To give some perspective on what all this means, we can think about the typical stay-at-home parent in New Jersey, who probably left a career after making the decision to have kids because it was assumed that in the event of divorce, permanent lifetime alimony would be easily available to compensate for the fact that re-entering some careers is difficult, if not impossible, after stepping away from the workforce for even a short amount of time.
It is clear from the wording of the New Jersey alimony reform bill that any prior assurance that “no matter what” permanent alimony will be an option for at-home spouses is simply no longer the case. With the lengthier list of factors and formulas that will be taken into consideration and scrutinized by the Courts, the number of permanent/open durational spousal support awards will almost certainly reach an all-time low.
For at-home spouses in New Jersey, alimony reform is a clear signal to take a hard look at what might potentially happen in a divorce. Here’s one important reason why: even with the new laws, spouses still have the option of requesting something called a post-nuptial agreement, a type of legal relationship agreement married couples can sign to outline their own terms for alimony, as well as asset division issues. Instead of leaving it up to the Court to interpret alimony reform law changes, and hope that they meet certain factors, the at-home spouse can get it in writing during the marriage that, if ever needed, permanent alimony is a done deal. For those prior to marriage, a prenuptial agreement can be an even stronger legal document used to help outline your financial futures and more. It is important to at least consider taking one of these steps, even if for your own peace of mind.

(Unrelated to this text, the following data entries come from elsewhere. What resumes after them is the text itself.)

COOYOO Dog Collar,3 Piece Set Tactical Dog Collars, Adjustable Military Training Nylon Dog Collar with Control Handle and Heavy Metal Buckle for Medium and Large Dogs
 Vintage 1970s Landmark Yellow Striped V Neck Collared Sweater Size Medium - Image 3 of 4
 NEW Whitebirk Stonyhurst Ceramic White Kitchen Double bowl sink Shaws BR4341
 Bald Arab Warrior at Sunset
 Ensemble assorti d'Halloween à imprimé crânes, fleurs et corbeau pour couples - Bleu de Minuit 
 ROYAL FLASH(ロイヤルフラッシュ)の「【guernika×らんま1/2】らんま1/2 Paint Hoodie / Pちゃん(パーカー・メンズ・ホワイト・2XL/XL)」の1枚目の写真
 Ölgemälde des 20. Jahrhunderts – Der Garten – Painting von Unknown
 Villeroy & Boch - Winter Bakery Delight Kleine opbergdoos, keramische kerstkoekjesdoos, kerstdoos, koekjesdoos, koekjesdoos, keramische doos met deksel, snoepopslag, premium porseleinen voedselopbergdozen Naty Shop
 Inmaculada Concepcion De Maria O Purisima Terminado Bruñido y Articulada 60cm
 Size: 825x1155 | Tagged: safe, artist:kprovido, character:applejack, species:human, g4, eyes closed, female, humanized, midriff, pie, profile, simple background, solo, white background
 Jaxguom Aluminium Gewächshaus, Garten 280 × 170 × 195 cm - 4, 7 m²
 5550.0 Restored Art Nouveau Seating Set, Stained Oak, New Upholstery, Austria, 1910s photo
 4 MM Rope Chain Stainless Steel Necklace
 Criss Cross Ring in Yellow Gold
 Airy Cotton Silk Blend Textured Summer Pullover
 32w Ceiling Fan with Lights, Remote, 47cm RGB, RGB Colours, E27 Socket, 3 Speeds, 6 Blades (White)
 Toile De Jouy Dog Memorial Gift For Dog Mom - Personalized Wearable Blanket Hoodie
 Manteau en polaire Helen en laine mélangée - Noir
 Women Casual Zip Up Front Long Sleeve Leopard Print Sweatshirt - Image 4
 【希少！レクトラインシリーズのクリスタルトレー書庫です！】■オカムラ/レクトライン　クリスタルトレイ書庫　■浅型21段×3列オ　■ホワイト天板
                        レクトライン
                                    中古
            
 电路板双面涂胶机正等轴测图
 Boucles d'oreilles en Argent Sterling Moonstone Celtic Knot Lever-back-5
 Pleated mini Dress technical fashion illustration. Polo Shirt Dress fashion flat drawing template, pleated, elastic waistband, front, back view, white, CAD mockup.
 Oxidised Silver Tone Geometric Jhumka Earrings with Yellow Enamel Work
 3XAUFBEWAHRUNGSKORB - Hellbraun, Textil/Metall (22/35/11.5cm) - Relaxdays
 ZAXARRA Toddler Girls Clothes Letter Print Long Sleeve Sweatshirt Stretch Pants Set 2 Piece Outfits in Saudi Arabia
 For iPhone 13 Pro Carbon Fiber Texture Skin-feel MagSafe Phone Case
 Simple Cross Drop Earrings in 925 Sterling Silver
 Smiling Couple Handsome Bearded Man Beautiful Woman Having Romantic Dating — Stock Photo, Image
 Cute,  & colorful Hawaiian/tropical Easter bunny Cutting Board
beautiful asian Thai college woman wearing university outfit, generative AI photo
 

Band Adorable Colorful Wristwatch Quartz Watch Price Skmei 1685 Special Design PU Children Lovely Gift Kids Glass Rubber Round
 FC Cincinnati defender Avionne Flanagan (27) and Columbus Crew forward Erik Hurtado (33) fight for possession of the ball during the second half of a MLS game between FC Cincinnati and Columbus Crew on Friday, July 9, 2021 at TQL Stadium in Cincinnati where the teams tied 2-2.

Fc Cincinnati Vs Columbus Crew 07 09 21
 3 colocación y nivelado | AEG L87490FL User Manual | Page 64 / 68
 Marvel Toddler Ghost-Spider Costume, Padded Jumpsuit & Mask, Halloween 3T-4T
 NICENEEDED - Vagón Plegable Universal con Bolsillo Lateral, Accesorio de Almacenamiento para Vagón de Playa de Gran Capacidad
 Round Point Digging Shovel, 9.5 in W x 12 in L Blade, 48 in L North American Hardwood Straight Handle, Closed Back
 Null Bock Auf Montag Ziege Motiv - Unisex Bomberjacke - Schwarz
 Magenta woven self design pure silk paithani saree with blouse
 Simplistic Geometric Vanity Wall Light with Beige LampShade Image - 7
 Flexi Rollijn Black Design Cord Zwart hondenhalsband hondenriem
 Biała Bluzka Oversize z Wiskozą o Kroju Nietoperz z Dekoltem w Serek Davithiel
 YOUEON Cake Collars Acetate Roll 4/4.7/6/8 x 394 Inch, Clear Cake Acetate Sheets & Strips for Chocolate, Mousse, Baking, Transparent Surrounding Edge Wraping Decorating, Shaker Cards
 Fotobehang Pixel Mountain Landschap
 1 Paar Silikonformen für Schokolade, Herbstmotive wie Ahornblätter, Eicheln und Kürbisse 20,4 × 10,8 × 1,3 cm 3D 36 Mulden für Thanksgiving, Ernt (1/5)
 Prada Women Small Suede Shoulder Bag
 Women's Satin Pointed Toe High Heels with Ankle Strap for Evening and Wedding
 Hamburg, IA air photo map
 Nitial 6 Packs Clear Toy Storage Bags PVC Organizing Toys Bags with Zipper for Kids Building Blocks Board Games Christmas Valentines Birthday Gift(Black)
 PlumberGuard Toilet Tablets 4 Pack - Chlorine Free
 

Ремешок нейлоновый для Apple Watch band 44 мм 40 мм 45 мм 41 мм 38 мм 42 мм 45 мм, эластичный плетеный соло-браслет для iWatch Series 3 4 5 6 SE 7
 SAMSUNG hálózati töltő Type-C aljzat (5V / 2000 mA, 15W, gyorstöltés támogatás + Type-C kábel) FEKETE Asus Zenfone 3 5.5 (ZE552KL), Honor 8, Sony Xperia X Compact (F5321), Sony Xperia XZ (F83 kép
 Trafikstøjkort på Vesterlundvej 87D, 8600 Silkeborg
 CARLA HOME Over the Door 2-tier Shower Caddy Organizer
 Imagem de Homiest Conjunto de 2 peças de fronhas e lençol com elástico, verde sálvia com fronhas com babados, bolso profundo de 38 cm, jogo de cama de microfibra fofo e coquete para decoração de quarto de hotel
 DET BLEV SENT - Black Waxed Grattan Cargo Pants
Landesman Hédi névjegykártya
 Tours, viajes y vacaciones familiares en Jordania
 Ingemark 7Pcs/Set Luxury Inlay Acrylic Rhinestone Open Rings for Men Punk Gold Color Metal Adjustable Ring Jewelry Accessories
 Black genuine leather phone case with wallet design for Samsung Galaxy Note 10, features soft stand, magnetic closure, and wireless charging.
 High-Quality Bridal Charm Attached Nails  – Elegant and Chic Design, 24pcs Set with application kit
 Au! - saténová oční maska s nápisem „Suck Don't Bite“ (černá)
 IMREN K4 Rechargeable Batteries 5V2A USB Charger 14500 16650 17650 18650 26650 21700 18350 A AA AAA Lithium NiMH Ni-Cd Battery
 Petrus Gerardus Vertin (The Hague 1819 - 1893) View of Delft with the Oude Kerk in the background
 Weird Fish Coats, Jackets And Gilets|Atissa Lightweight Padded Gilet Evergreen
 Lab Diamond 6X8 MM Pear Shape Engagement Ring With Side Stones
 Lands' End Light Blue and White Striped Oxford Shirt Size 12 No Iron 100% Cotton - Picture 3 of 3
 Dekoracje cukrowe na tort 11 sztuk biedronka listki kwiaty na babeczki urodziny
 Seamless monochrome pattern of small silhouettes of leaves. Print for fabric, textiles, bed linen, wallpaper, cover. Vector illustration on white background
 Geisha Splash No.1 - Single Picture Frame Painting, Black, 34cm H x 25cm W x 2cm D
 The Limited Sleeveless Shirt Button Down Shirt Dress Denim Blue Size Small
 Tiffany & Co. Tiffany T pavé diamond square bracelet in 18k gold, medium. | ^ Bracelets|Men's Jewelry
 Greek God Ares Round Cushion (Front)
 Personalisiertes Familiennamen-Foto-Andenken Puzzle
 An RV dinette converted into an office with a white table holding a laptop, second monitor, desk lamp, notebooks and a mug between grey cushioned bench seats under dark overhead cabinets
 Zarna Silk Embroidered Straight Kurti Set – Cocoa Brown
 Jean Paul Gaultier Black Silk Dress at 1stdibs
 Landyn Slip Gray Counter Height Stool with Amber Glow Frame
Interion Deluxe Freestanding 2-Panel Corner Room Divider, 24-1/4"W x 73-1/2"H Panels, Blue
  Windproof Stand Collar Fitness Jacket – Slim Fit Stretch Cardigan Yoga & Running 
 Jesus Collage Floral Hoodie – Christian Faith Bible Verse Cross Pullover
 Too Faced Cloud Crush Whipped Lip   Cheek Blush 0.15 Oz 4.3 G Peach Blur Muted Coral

What else do you need to know at this point? We have written before about the need for stay-at-home spouses and stay-at-home parents to put in place provisions outlining what happens after divorce. If you are in one of these groups, we encourage you to read “Thinking About Becoming a Stay-At-Home Mom or Dad? Here’s Why You Need a Post-Nup.” Of course, the hope is that every marriage will last forever, but for many serious reasons, we all know this isn’t always a realistic expectation. Whatever your feelings about alimony reform, we hope you take some time to reflect on how it might affect your situation.